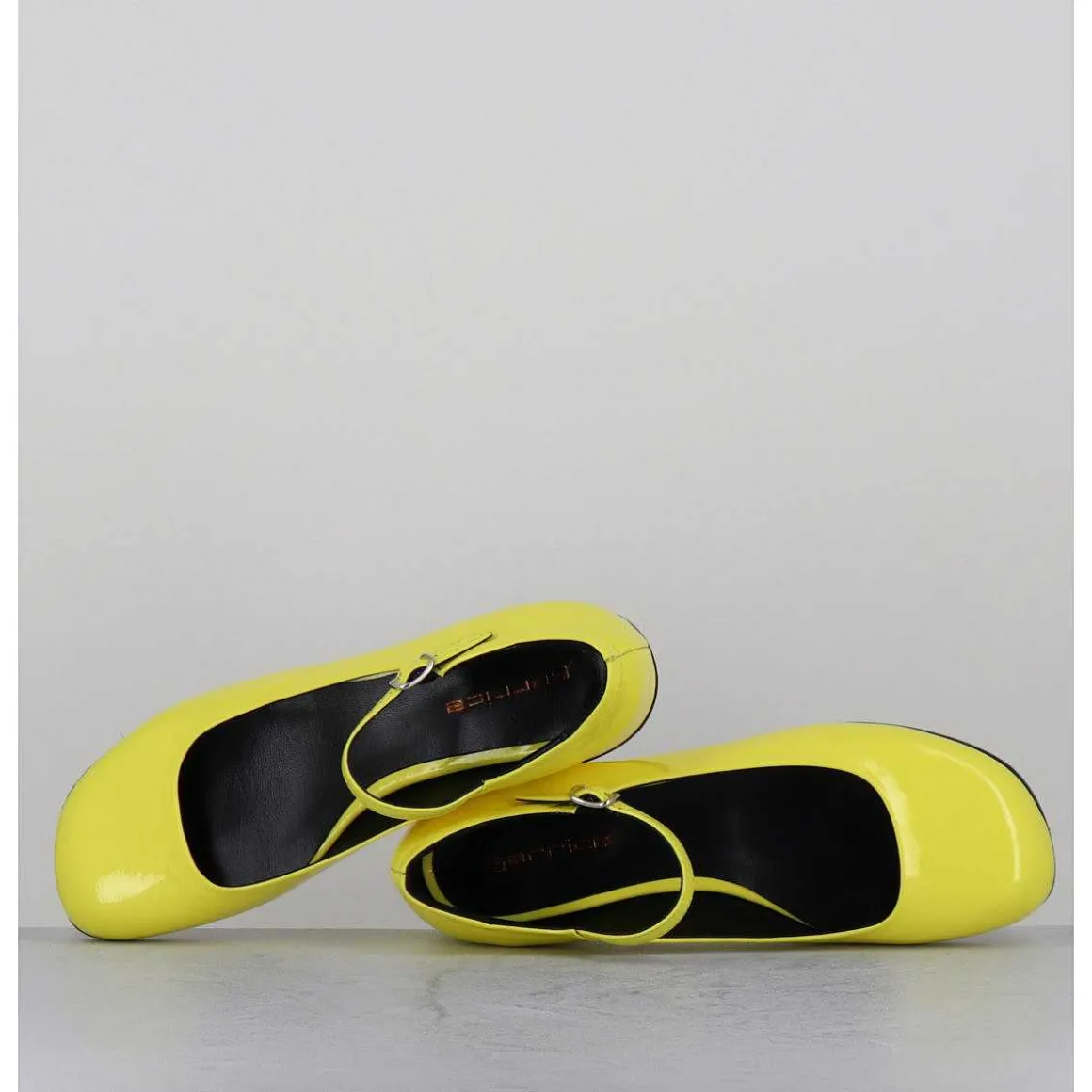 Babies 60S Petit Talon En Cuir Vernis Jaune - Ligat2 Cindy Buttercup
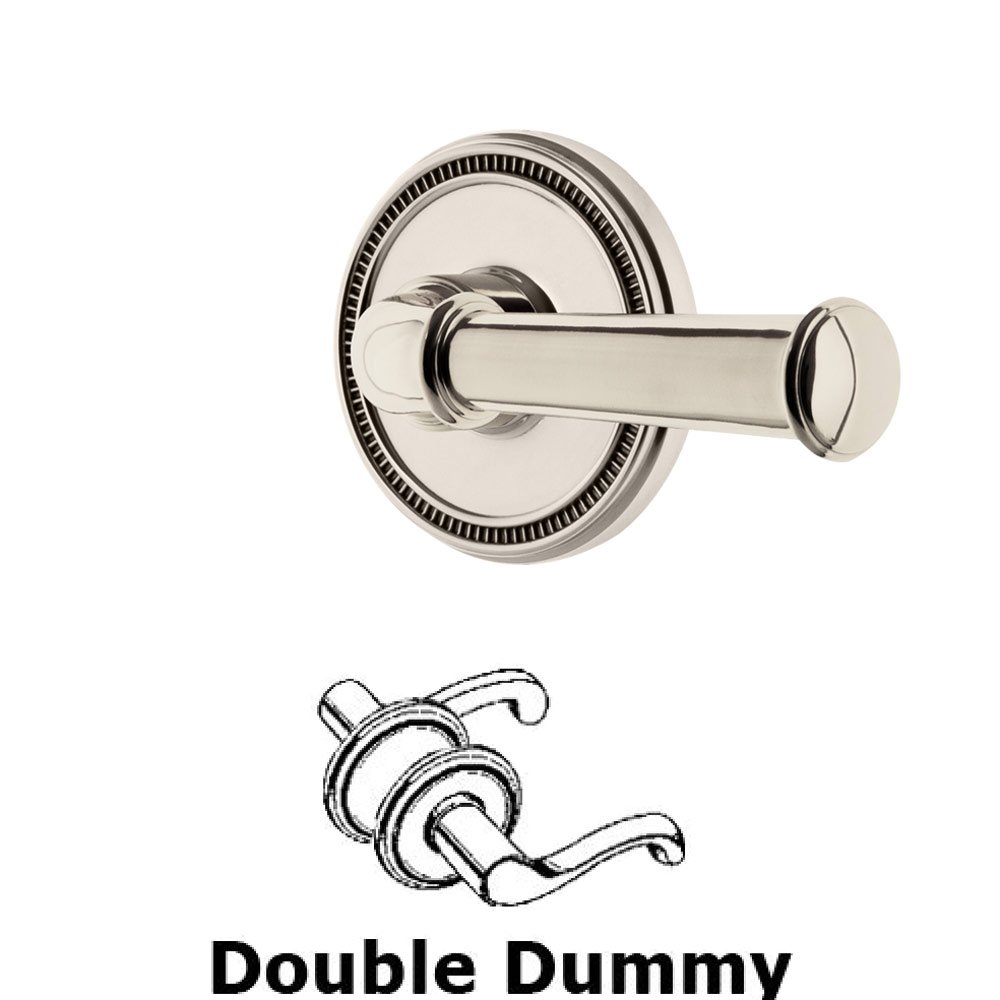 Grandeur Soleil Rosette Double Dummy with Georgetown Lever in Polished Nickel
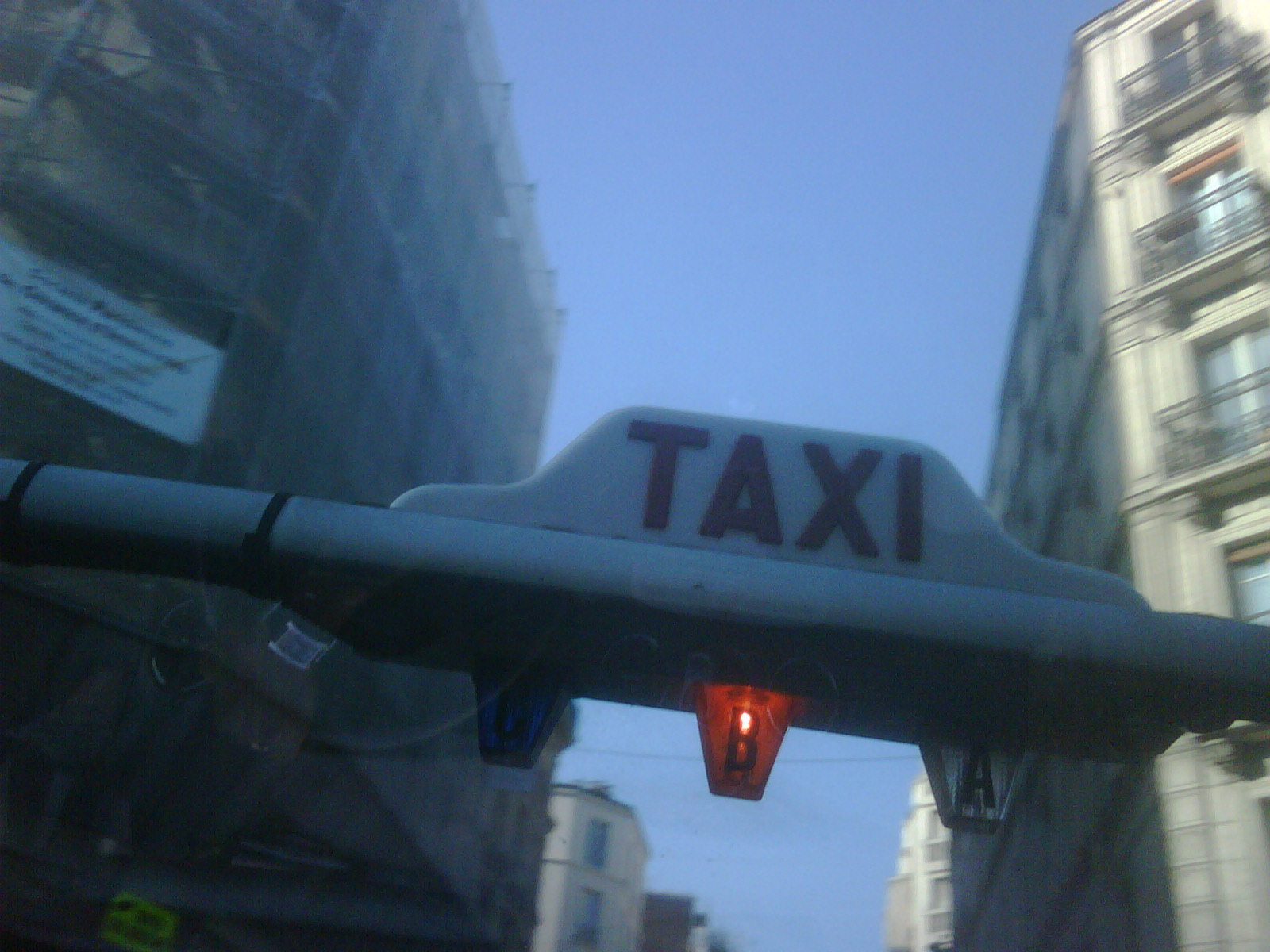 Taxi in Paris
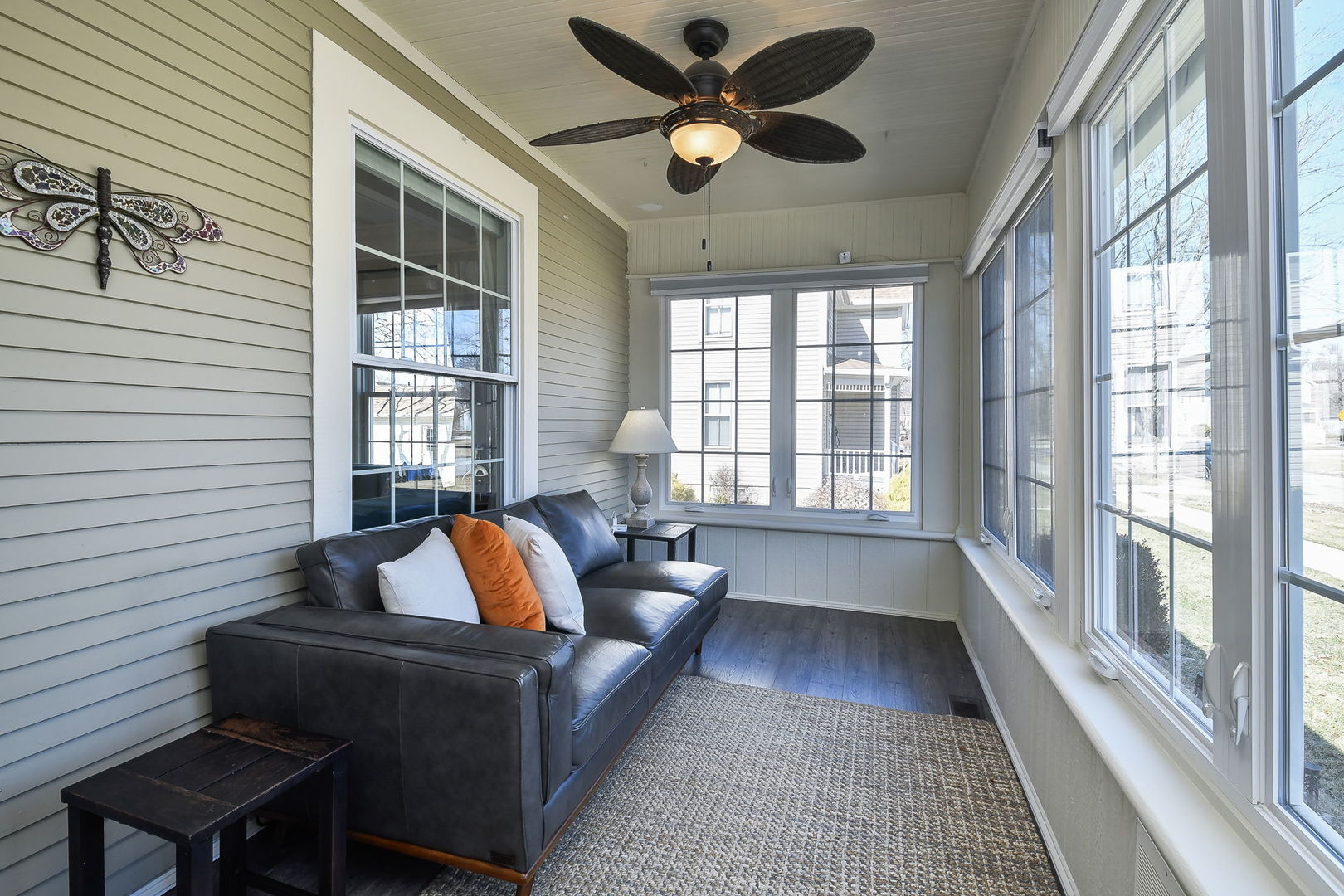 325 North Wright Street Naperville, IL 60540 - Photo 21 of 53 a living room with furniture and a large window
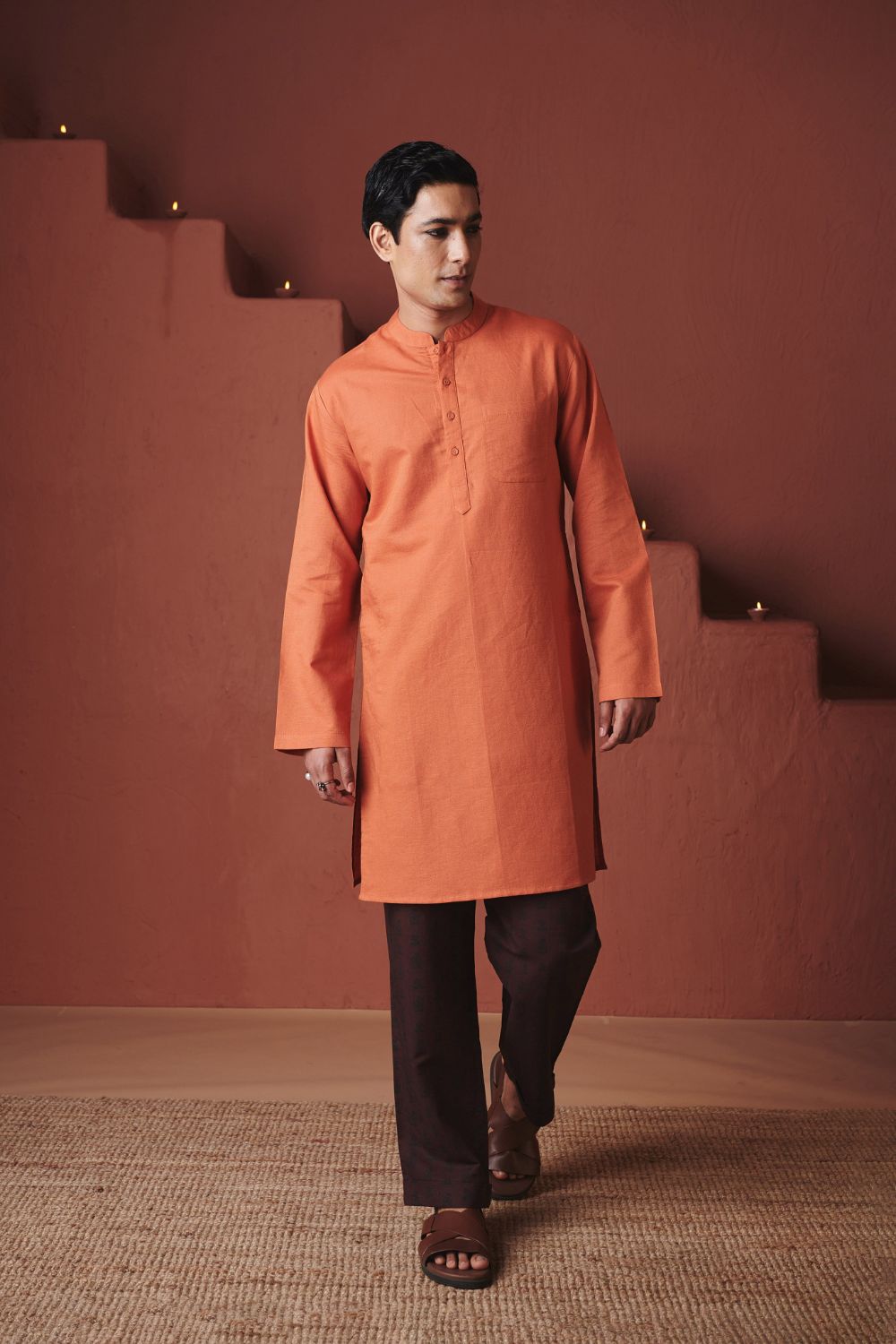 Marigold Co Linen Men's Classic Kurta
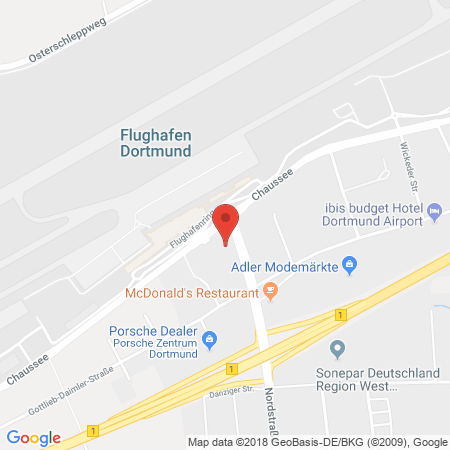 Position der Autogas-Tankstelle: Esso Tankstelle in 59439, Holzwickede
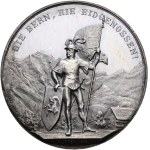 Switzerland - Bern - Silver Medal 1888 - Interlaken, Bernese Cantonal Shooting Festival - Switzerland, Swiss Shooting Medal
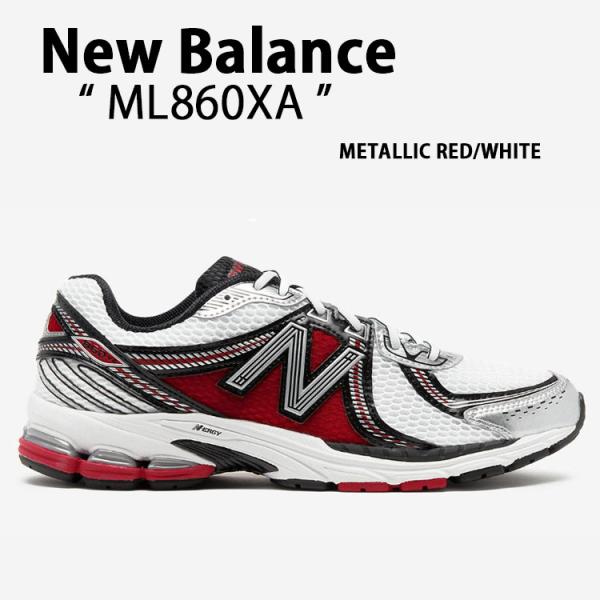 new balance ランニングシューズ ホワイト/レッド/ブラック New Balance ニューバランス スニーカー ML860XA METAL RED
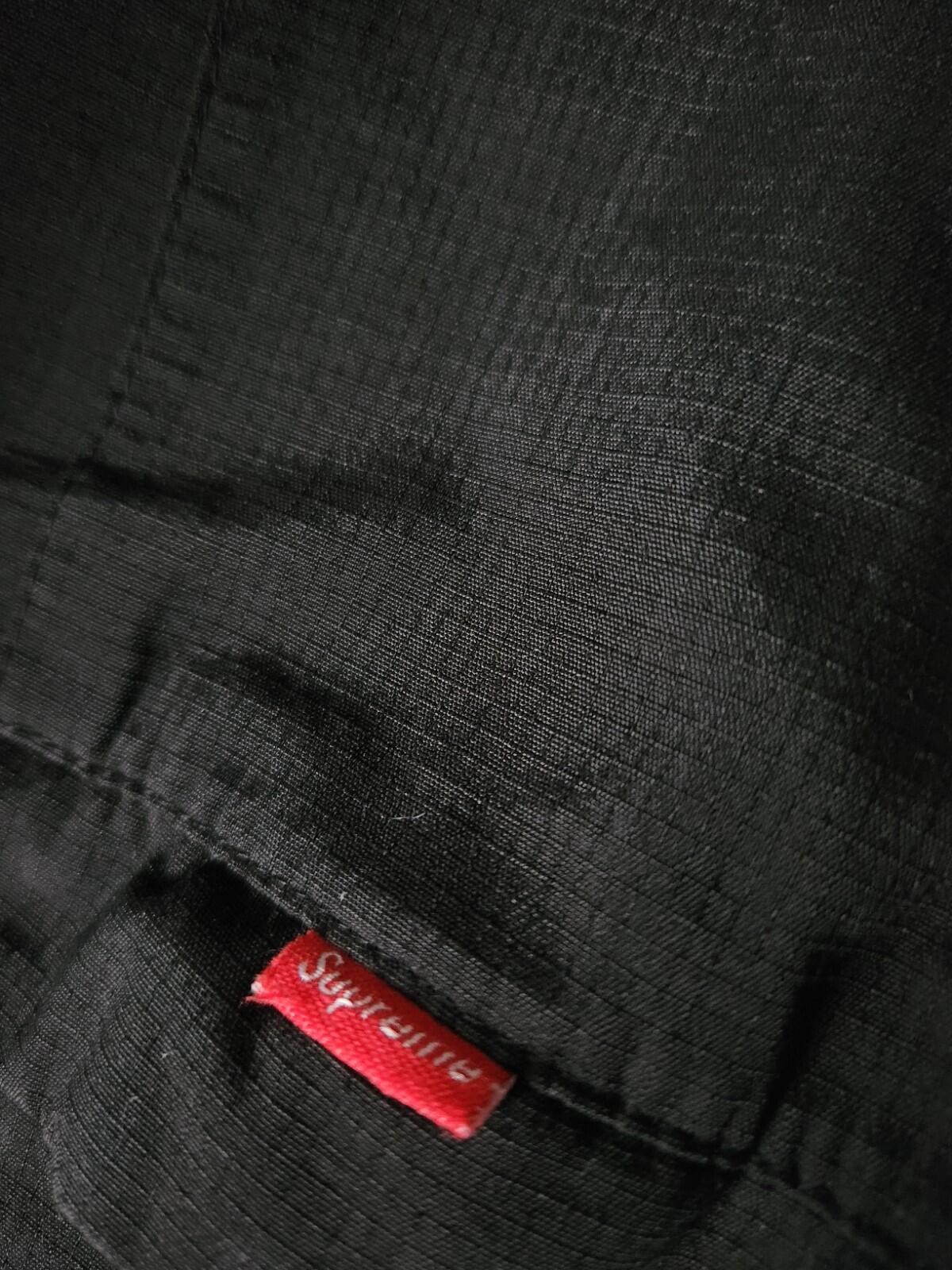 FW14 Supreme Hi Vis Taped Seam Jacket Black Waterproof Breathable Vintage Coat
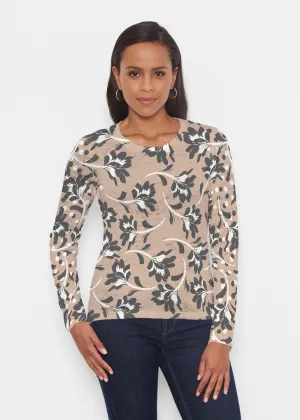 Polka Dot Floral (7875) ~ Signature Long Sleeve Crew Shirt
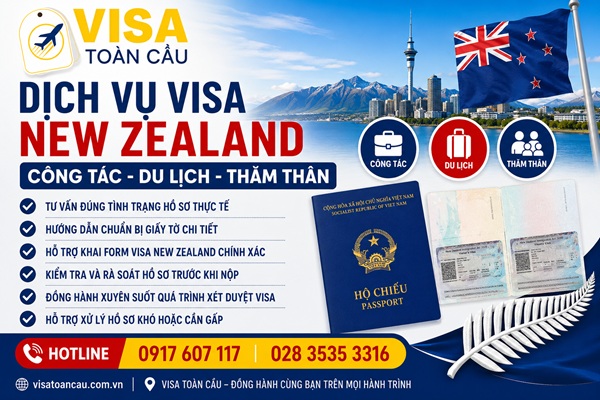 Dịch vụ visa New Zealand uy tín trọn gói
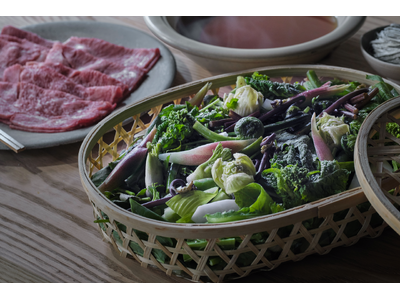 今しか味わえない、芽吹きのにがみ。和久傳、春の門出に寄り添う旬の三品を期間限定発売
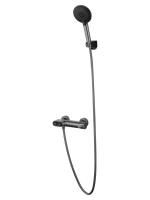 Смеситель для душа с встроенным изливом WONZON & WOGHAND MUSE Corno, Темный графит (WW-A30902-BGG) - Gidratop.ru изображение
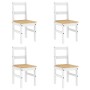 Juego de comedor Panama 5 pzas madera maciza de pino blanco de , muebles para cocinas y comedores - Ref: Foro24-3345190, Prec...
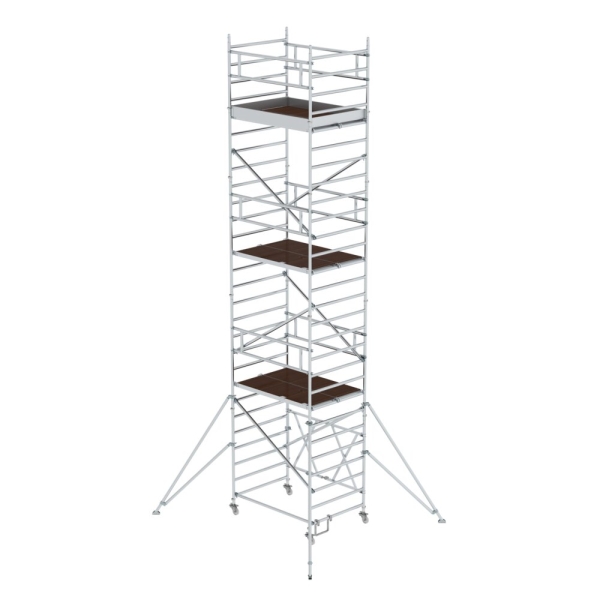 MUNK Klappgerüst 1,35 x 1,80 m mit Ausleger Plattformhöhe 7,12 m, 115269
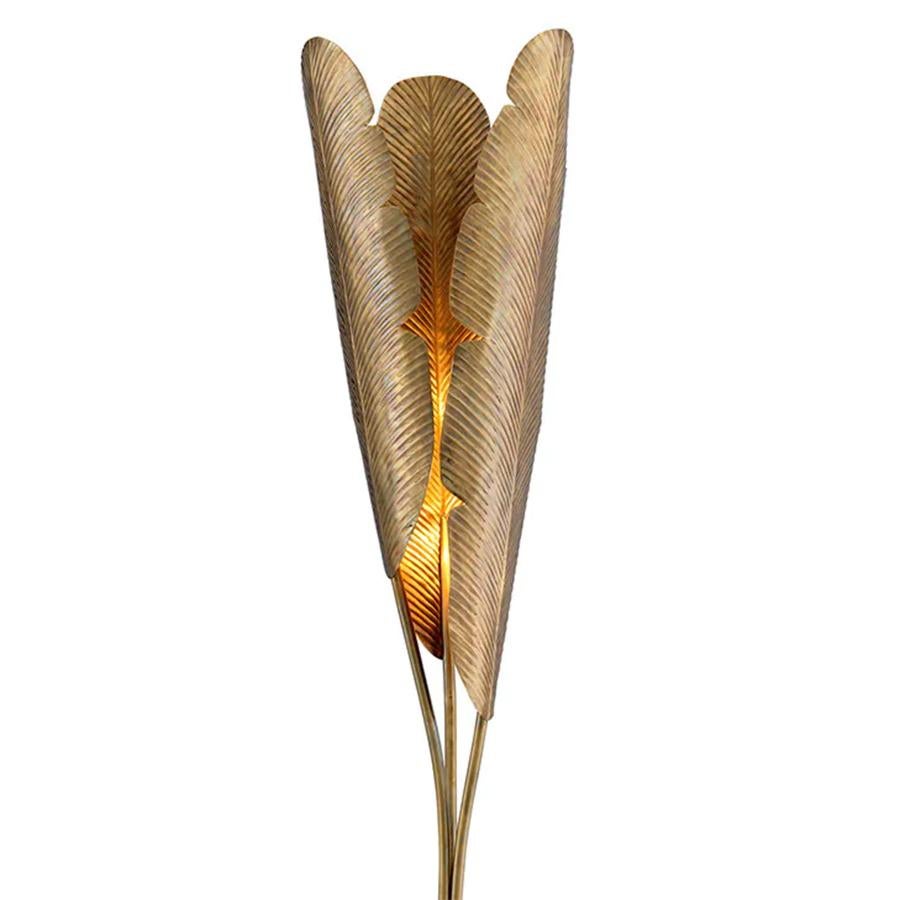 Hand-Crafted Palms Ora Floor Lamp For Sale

-*-

TASK TO COMPLETE
Extract the part of the records that opens with the line containing "FW14 Supreme Hi" and closes with the line containing "Смеситель для душа". Take only those lines, exactly, and no pictures.

RESPONSE AREA
 FW14 Supreme Hi Vis Taped Seam Jacket Black Waterproof Breathable Vintage Coat
 Polka Dot Floral (7875) ~ Signature Long Sleeve Crew Shirt
 Dịch vụ visa New Zealand uy tín trọn gói
 今しか味わえない、芽吹きのにがみ。和久傳、春の門出に寄り添う旬の三品を期間限定発売
 Смеситель для душа с встроенным изливом WONZON & WOGHAND MUSE Corno, Темный графит (WW-A30902-BGG) - Gidratop.ru изображение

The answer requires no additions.